Leaving out the pictures, retype the lines from the top of the listing through the line with "پراید ۱۳۱ تک" exactly.

RECORD EXTRACTS:
....

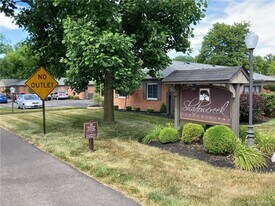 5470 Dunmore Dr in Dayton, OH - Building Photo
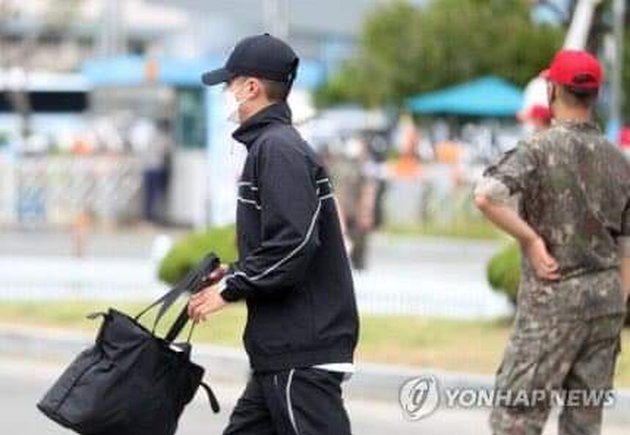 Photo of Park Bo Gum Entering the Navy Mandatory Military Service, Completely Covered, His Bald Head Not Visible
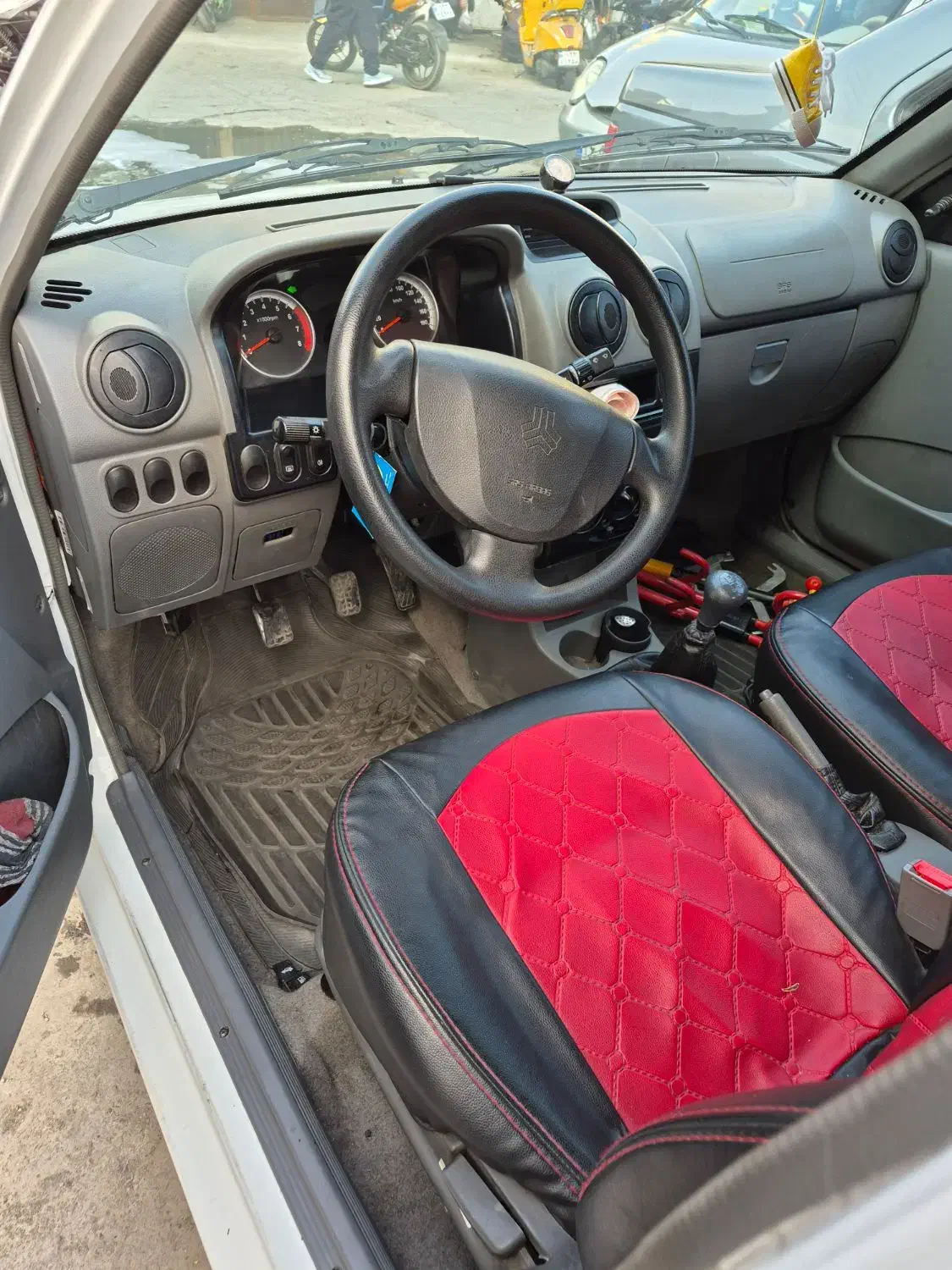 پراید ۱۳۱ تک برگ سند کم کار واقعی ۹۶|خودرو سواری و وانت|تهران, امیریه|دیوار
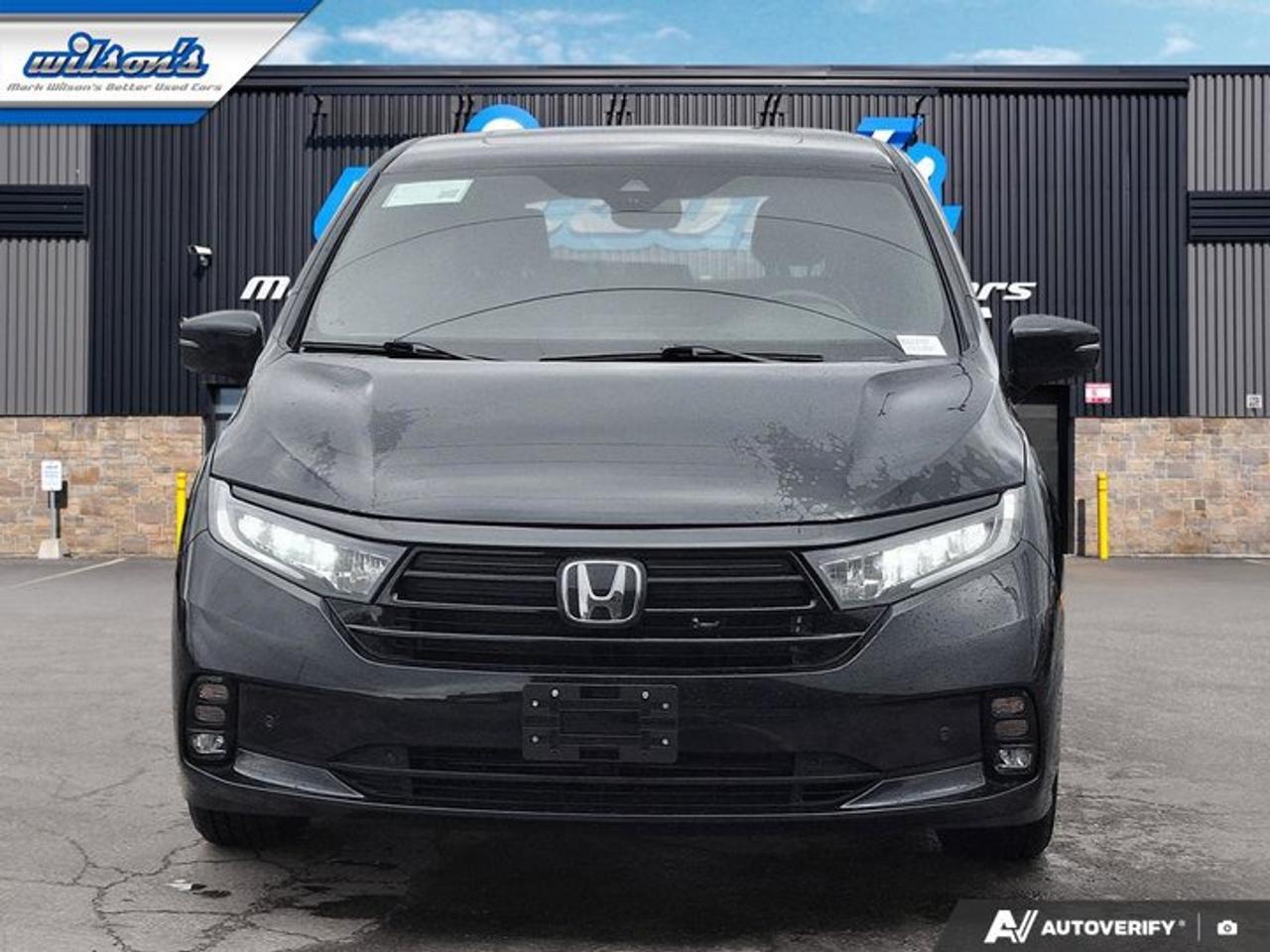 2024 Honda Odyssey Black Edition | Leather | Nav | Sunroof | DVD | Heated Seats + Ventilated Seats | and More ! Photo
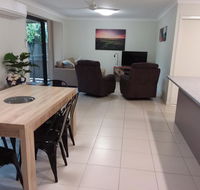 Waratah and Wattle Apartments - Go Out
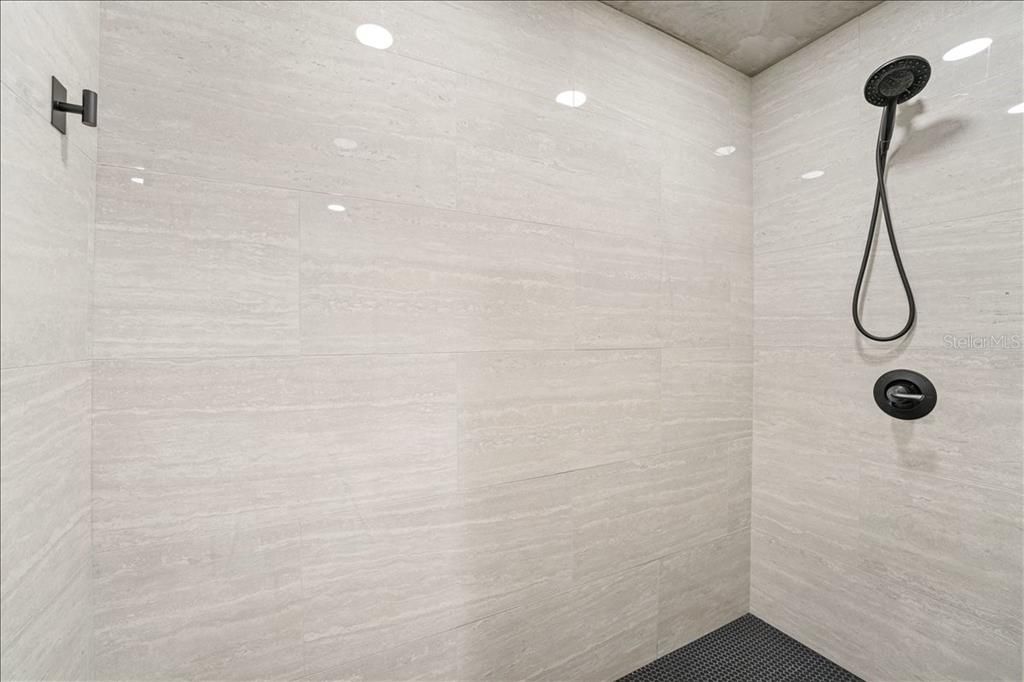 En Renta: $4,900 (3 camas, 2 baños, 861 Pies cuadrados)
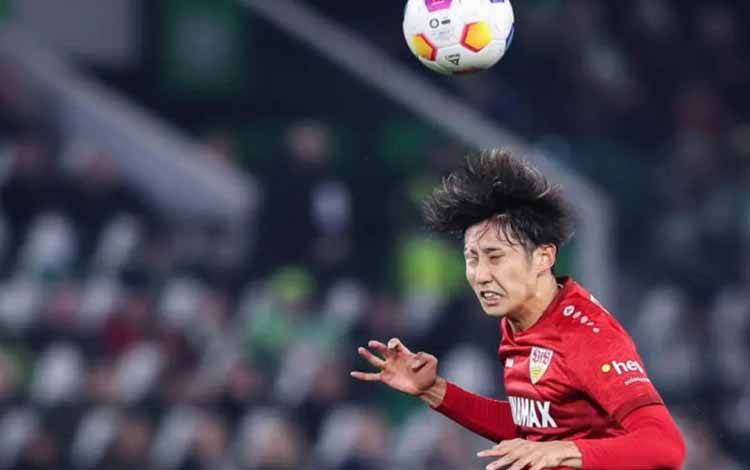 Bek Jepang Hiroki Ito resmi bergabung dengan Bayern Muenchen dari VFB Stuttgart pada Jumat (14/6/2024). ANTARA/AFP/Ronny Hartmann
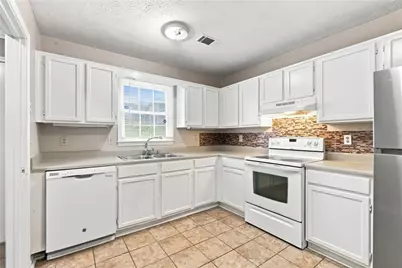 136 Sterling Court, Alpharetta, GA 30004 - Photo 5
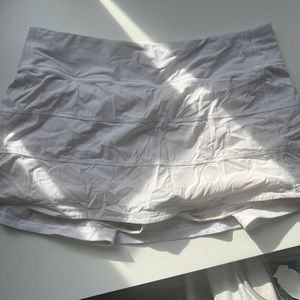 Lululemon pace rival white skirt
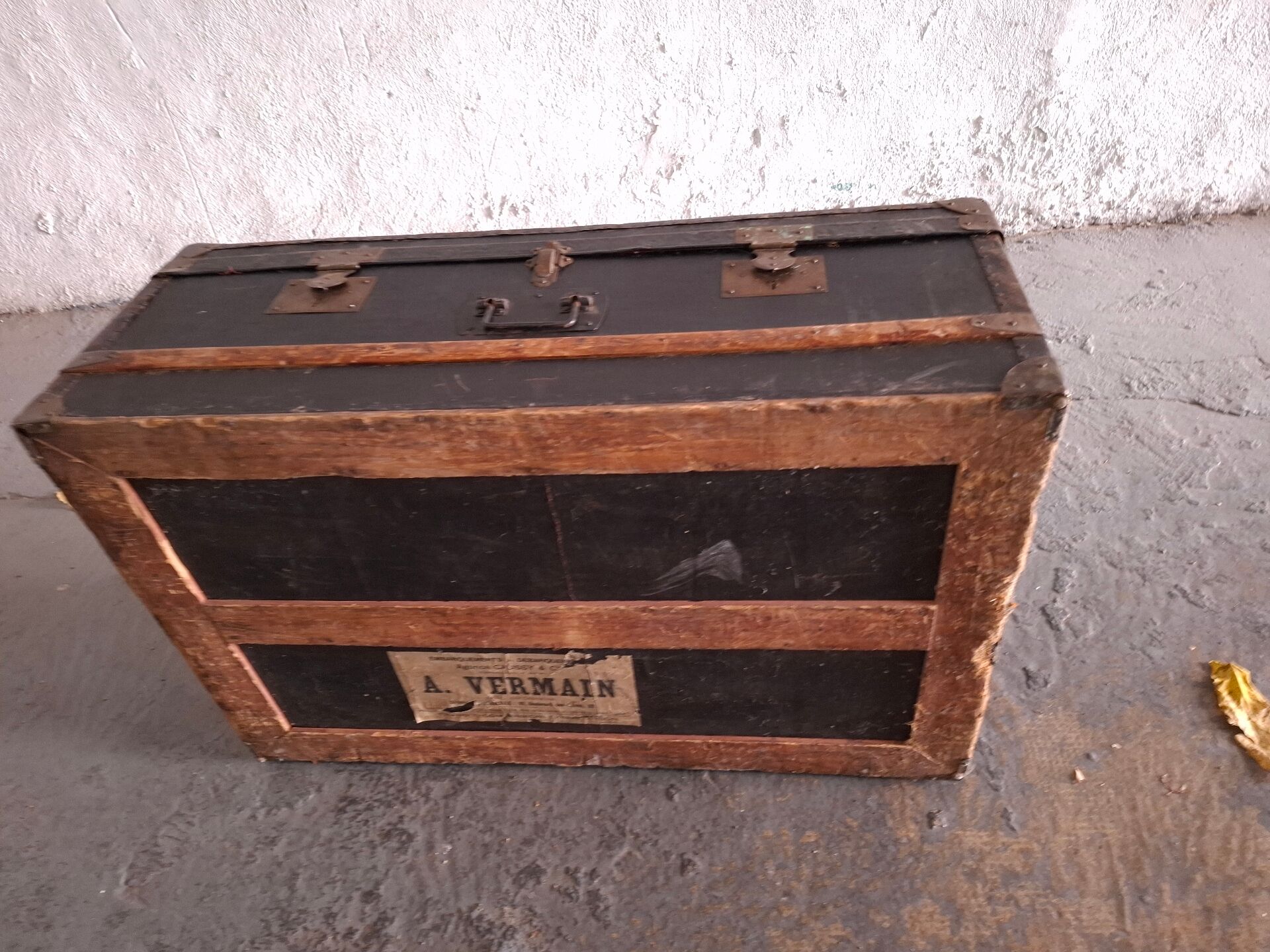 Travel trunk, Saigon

....

REPLY TO THE EXERCISE:
 5470 Dunmore Dr in Dayton, OH - Building Photo
 Photo of Park Bo Gum Entering the Navy Mandatory Military Service, Completely Covered, His Bald Head Not Visible
 پراید ۱۳۱ تک برگ سند کم کار واقعی ۹۶|خودرو سواری و وانت|تهران, امیریه|دیوار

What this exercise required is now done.